La situación se originó a principios de esta semana, cuando ambas ingresaron al efector municipal para ser evaluadas. El procedimiento no fue casual: se activó a raíz de una denuncia de vecinos por un presunto caso de violencia familiar. En el marco de los protocolos de rigor, el equipo médico solicitó un examen de orina de rutina para la lactante, el cual arrojó un resultado alarmante: presencia de cocaína en el organismo.
Al conocerse los resultados del análisis y ante la intervención de los equipos sociales, la madre decidió abandonar el hospital de manera intempestiva llevándose a la niña. El hecho generó una inmediata alerta entre las autoridades sanitarias y policiales. Sin embargo, fuentes oficiales confirmaron que la búsqueda finalizó el miércoles por la tarde, cuando ambas fueron localizadas y reingresadas para garantizar la asistencia médica de la menor y el abordaje psicosocial de la mujer.

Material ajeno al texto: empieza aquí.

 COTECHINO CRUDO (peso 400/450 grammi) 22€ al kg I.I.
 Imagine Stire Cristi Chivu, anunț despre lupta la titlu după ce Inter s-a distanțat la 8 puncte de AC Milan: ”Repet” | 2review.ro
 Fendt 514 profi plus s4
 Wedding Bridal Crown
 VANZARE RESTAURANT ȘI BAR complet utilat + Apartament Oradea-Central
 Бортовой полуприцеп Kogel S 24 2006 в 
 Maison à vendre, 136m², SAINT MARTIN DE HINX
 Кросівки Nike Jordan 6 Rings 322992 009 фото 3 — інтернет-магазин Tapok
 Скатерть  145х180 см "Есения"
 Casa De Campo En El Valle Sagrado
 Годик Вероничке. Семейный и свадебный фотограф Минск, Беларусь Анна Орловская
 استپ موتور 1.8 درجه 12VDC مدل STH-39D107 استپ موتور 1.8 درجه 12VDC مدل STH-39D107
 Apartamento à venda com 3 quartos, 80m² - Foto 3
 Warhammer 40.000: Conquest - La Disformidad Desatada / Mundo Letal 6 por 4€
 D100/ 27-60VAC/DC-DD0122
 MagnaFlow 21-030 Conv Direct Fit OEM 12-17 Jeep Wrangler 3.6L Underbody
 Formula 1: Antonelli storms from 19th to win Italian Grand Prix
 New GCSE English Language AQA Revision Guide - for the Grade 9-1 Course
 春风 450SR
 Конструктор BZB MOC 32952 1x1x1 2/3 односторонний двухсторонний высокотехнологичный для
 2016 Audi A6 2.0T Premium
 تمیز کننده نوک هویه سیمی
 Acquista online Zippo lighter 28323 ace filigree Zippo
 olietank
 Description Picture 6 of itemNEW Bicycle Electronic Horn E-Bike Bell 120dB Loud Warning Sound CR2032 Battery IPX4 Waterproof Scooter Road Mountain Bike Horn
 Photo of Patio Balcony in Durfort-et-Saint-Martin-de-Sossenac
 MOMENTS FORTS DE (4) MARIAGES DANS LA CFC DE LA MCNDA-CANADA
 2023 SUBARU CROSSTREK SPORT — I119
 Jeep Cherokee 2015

El director del Vilela, Eduardo Casim, llevó tranquilidad respecto al estado de la paciente menor: «La beba está bien, no parece que vaya a necesitar grandes cosas», explicó en diálogo con la prensa. Según el profesional, a pesar del hallazgo de la sustancia, la niña no presenta síntomas clínicos de intoxicación aguda ni complicaciones derivadas del consumo indirecto, por lo que su evolución es monitoreada de cerca pero sin signos de alarma inmediata.
El caso excede lo estrictamente médico. Al tratarse de una madre con un historial de consumo problemático, el hospital ha dispuesto un dispositivo que incluye a psiquiatras, trabajadores sociales y representantes del área legal. El objetivo es estabilizar a la mujer y brindarle un tratamiento de deshabituación, aunque las autoridades aclararon que ella tiene libertad de movimiento siempre que la niña permanezca bajo cuidado hospitalario.
Por estas horas, la definición del futuro de la beba recae sobre la Dirección Provincial de Promoción de los Derechos de la Niñez. El organismo debe evaluar si existe un referente en la familia ampliada (abuelos, tíos o allegados) que esté en condiciones de ejercer una guarda segura. Mientras no se logre determinar un entorno de protección confiable, la justicia y los equipos interdisciplinarios mantendrán la tutela preventiva de la menor para evitar nuevos riesgos.